The ranger said he was surprised at his reaction when Edmonds taught him to make fire using primitive methods.

“It was a powerful thing,” Parrie said. “I don’t want to get smushy, but I made fire! All that man has done comes from taking two sticks and making fire. Using skills that are thousands and thousands of years old was a connecting moment with humanity.”

The latest students to learn how to make fire using primitive methods were a class of third-graders from the Malvern Public Schools, Parrie said.

“I went to the school to teach them,” he said. “I know there is some risk in teaching 8-year-olds to make fire, but for adults, the good news is, it’s difficult. There is no danger of third-graders setting their houses on fire.”

Parrie said his philosophy about children learning about nature agrees with the ideas expressed by author Richard Louv in his book Last Child in the Woods.

“He says today’s children have a nature-deficient disorder,” Parrie said. “We should let children take some risks and get dirty discovering some things on their own.”

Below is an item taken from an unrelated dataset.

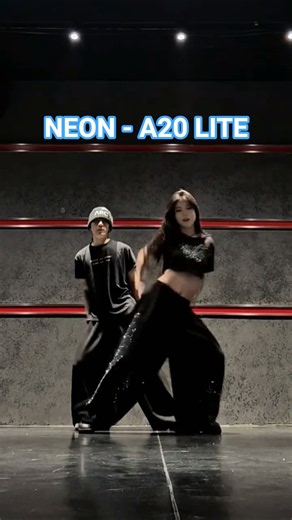 A20 LITE - NEON | Dance Challenge A20 Neon Dance
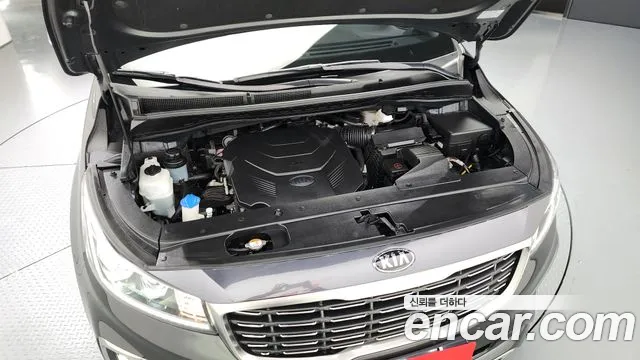 Kia The New Carnival id 2675885 из Кореи 16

Born into a military family, Parrie was born in California but considers Covington, La., north of Lake Pontchartrain and New Orleans, as home. He was a competitive swimmer and was a member of his college swim team. His first job was as an assistant swim coach for an athletic club training local teams, including the high school team.

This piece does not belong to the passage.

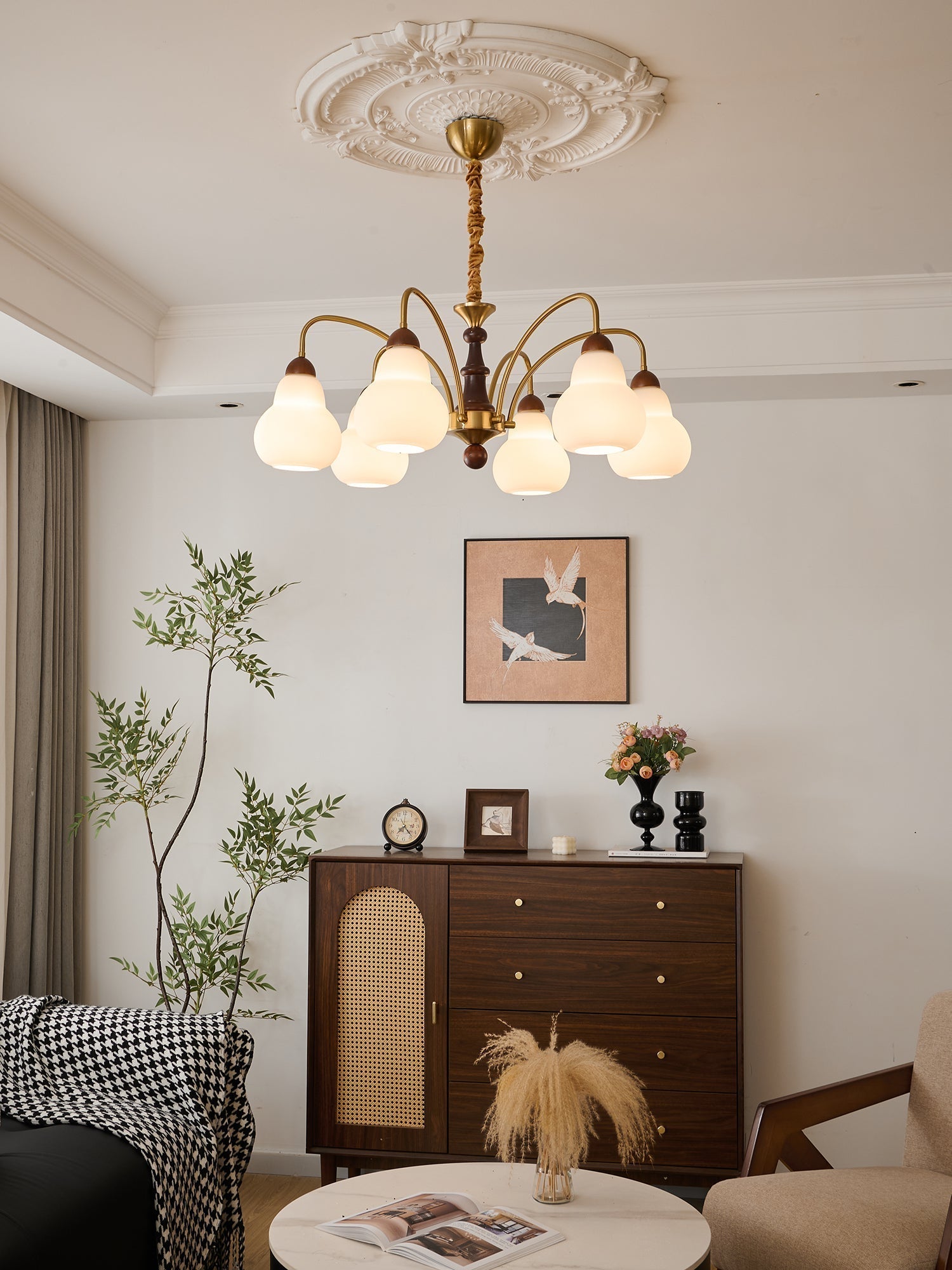 Novelle Traditional Elegance Vintage Wood Chandelier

While attending Louisiana State University, he went to a job fair and talked with people from the Louisiana Office of State Parks.

“It was at the end of the fair, and there was not much that interested me, and I think I went to their booth because it was green and had pictures of trees and stuff,” Parrie said. “I talked with an interpreter, and I was hired as one at Tickfaw State Park in 2001.”

Parrie said he discovered his career.

“I found out that this is the thing that I have always wanted to do. I just didn’t know it,” he said. “I get to show people cool stuff. I used to lead guided tours of the drainage ditch that ran through the neighborhood, taking kids and adults. Who knew that could be a job?”

He came to work for the Arkansas parks, first at the Plantation Agriculture Museum in Scott, then at Pinnacle Mountain State Park outside Little Rock. But Parrie found his park home at DeGray Lake.

“I’m a water guy, and this was just the place for me,” he said. “It’s big, and there is a lot going on.”

Parrie said that to be a good interpreter for nature, it takes some art and a lot of spirit.

“It is a very personal medium. It is, after all, interpretive,” he said. “We have to use our actions and emotions to forge an emotional connection, helping others understand.

“I look for that magic moment that gives them excitement and builds their enthusiasm. It is a deeply personal thing. If we make that connection, they will come back. We are all storytellers.”